**What you have to do:**
What is needed is every line of the data that includes the word "European". Please copy each one.

**Records:**
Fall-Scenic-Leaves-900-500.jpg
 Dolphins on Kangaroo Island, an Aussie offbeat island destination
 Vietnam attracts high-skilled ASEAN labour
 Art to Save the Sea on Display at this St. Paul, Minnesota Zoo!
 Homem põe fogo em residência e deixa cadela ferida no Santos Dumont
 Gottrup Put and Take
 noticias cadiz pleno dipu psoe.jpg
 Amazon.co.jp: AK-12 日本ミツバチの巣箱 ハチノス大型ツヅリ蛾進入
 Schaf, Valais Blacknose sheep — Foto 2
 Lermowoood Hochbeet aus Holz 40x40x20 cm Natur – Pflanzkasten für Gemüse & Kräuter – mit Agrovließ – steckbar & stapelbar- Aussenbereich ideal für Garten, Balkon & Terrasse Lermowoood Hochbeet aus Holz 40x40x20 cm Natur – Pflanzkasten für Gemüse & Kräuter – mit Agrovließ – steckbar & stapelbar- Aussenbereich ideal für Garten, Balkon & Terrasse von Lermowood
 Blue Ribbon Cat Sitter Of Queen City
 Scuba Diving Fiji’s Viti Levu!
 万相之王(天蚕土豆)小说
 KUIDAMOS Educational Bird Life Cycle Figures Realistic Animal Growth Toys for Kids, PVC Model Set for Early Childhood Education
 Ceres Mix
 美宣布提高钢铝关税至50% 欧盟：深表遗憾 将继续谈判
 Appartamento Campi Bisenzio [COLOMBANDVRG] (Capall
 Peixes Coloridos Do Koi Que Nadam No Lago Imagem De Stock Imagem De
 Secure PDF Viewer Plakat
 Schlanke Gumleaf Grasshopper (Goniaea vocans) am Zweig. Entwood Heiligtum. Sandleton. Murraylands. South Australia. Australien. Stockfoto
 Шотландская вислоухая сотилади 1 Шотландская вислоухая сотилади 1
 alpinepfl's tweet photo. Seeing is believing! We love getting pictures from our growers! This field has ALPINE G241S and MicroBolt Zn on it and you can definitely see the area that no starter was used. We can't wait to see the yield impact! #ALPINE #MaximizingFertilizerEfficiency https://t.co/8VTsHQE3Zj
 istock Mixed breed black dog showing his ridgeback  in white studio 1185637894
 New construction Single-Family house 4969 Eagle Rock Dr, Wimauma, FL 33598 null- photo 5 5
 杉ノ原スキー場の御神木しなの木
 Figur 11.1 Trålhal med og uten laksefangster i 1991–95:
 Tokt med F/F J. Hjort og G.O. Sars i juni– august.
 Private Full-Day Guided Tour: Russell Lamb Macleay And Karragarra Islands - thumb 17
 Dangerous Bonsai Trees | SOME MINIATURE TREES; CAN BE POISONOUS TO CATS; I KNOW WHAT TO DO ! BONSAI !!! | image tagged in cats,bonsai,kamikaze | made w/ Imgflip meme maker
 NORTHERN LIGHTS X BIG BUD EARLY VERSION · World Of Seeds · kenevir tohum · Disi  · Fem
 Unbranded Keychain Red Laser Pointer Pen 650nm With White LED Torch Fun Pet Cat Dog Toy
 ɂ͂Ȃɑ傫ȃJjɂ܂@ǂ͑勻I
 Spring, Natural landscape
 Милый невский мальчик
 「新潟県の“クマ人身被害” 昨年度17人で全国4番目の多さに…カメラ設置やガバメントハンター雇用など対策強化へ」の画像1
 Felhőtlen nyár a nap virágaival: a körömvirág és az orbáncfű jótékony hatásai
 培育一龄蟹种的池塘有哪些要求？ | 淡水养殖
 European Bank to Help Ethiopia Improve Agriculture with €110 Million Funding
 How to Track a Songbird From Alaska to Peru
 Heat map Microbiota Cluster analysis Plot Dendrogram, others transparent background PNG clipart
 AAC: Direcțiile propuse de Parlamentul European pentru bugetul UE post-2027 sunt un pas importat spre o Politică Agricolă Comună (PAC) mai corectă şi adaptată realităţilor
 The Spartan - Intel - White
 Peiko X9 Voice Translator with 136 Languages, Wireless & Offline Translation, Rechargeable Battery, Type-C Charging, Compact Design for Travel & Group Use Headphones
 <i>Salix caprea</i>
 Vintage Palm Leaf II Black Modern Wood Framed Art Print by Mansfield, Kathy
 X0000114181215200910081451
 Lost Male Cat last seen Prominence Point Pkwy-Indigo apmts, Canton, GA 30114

**Result:**
 European Bank to Help Ethiopia Improve Agriculture with €110 Million Funding
 AAC: Direcțiile propuse de Parlamentul European pentru bugetul UE post-2027 sunt un pas importat spre o Politică Agricolă Comună (PAC) mai corectă şi adaptată realităţilor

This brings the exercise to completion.